Peter Thompson was born in Lytton, B.C. and has lived in East Vancouver for more than 46 years. At 62, he is a father of two and grandfather—or Shup’lah in Nlaka’pamuctsin, the language of the Nlaka’pamux—of four. He enjoys trout and salmon fishing in the summer and loves getting out of the city to spend time in nature and with his grandchildren.
Peter has been involved with Megaphone for more than a decade and has been published many times in the Voices of the Street literary anthology and has had several winning photographs appear in the Hope in Shadows calendar. He is a frequent contributor to Megaphone magazine.
His piece entitled ‘Lytton Memories’, which was published in the August 2021 issue, was a tribute to the close-knit community he grew up in. Lytton was destroyed by wildfire on June 30, 2021 during an unprecedented “heat dome” weather event that saw record-high temperatures scorch B.C.
“The Lytton I know is a vibrant town beaming with pride, love, joy and happiness,” Peter wrote. “The village’s people are always welcoming and help whenever they can.”
After the fire, Peter was devastated and grieved for his relatives who were displaced.
“The people and elders who lost their homes and many memories are taking it pretty hard. They are missing home and home-cooked meals, and are tired of being moved around from place to place.”

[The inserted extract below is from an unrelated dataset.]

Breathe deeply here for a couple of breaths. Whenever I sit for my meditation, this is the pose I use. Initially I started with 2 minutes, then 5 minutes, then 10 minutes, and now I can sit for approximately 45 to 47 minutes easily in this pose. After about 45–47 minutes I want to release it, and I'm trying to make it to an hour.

Now, as new devastation impacts thousands of people throughout the province with flooding, Peter urges government and industry to wake up to the reality of climate change.

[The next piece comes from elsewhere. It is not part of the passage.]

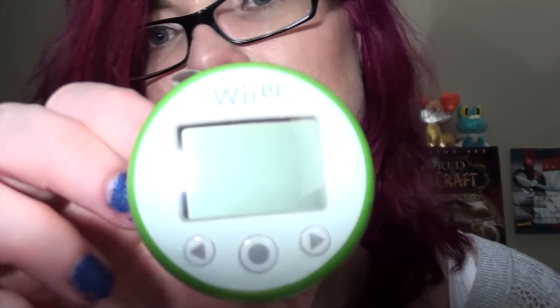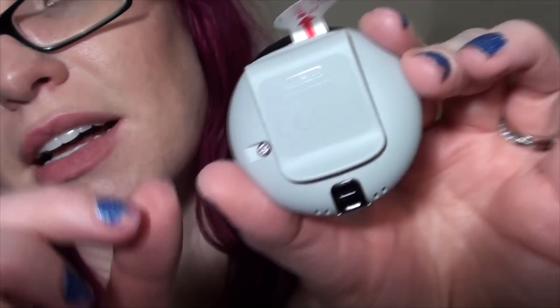It's the Wii Fit meter. That's what that looks like — it's got a little clamp on the back, so I guess you can just put it on your belt, or if you wear one of those wristbands when you're working out, you can put it on there too. Maybe you're supposed to put it on your belt or your pants or whatever.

“With everything that is happening now, people should open their eyes. Mother Nature isn’t getting mad, she is getting even, and people should be pressuring the government for action,” he says. “But I’m not sure they will really listen. When they have these big climate action world meetings, they should also invite Indigenous leaders to hear their voices. We don’t have time to keep ignoring it. There are way too many disasters happening now and our next wave could be a major earthquake. So wake up leaders! I don’t think that you are ready for the ‘big one.’ Mother Nature is giving all these signs. Time to act.”

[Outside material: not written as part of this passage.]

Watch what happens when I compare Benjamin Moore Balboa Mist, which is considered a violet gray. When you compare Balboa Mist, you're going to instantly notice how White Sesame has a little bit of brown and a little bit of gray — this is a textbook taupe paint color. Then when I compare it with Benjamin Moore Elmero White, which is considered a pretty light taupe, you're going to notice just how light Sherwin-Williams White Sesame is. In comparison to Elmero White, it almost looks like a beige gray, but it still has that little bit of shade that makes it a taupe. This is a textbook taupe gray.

Peter has built a strong community of supporters, friends and customers over the years, and is well-known and loved in Kitsilano, where he sells Megaphone publications outside Whole Foods Market on West 4th Avenue and Vine Street.
This month he’s sharing a recipe for some much-needed comfort food.
”This bannock goes well with a turkey dinner. Use it to lap up the gravy, add a little cranberry sauce and mmmm, mmmm good!”
4 cups flour
2 tbsp baking soda
2 tbsp sugar
1 tsp salt
1 cup warm water
Preheat oven to 325 F.
In a large bowl, mix all the ingredients together well. Then add water and stir until combined and the batter resembles cake mix.
Cover all sides of a square pan with lard and flour lightly.
Pour batter into pan and bake until golden brown.
Cut into slices and enjoy!
DJ Joe was born in Chilliwack and came to Vancouver by way of Seattle in 1989. She is a member of the Sts’ailes Nation (Chehalis Indian Band) and was raised in foster care. DJ has lived in the Downtown Eastside for more than 20 years and has been a part of the Megaphone family for a decade.
Now 60, DJ was the only girl among nine brothers, so she says there was always someone watching her back. These days she returns the favour, looking out for the women of the DTES, particularly girls and elders, as a peer worker and volunteer with many organizations and events, including the annual Women’s Memorial March.
In Red Women Rising, a report by the Downtown Eastside Women’s Centre on Indigenous women survivors, DJ recalls coming to the aid of a young woman—maybe 15 years old—who was screaming while being sexually assaulted behind a building.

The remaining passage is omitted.